▸ Directions: Exclude the pictures and repeat all of the data exactly.

[Opening Recorded information section]

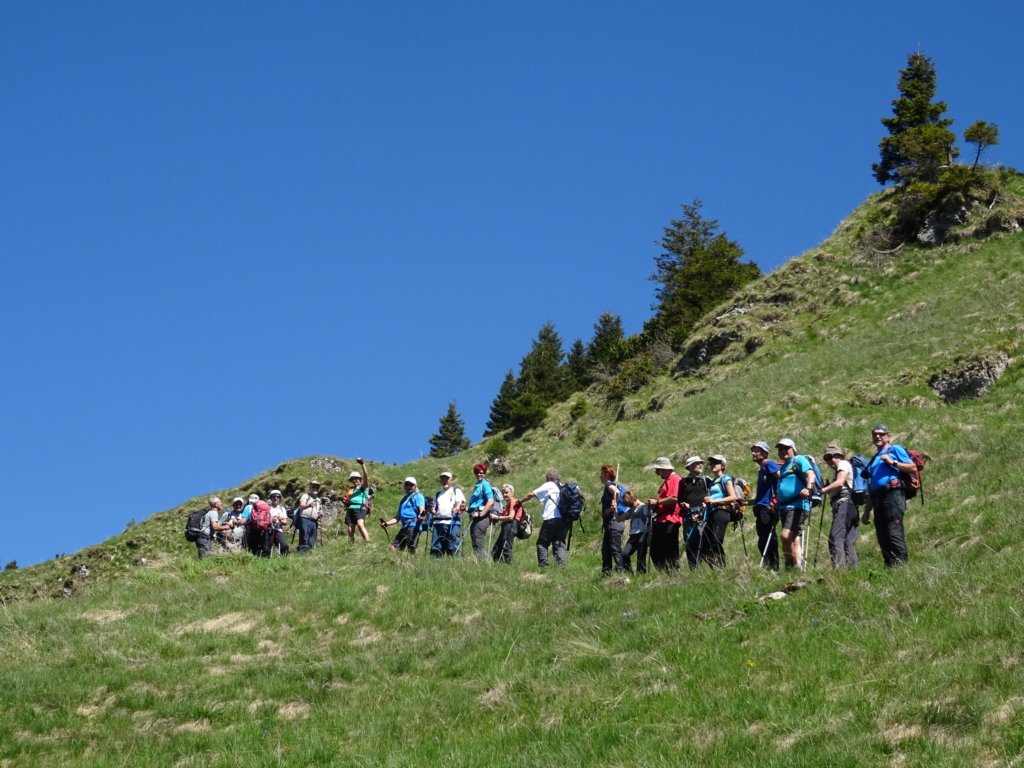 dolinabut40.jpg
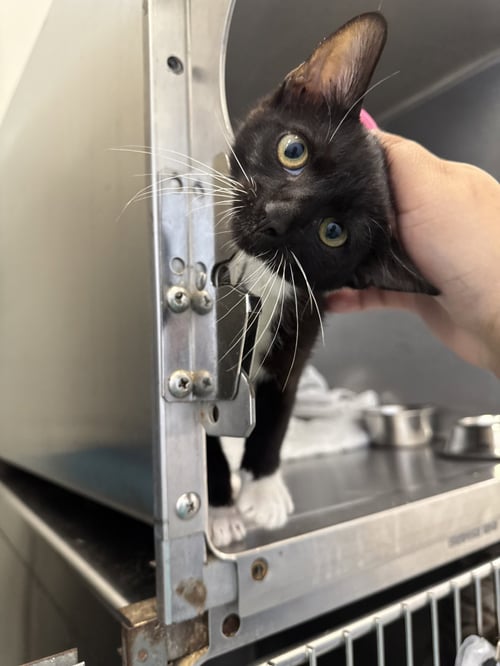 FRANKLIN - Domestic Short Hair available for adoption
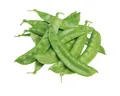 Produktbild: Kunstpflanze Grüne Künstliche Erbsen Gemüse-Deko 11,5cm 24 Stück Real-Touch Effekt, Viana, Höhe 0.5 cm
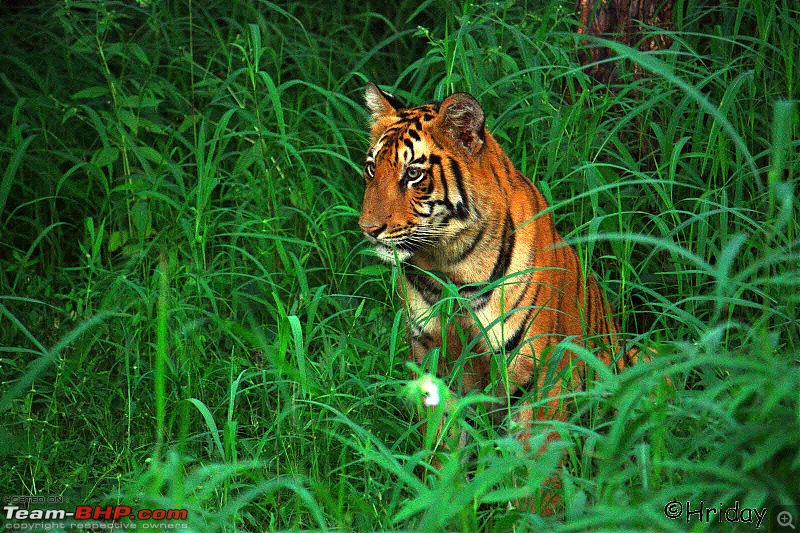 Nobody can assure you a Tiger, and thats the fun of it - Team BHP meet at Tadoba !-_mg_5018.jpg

[Closing Recorded information section]

▸ Problem solution:
 dolinabut40.jpg
 FRANKLIN - Domestic Short Hair available for adoption
 Produktbild: Kunstpflanze Grüne Künstliche Erbsen Gemüse-Deko 11,5cm 24 Stück Real-Touch Effekt, Viana, Höhe 0.5 cm
 Nobody can assure you a Tiger, and thats the fun of it - Team BHP meet at Tadoba !-_mg_5018.jpg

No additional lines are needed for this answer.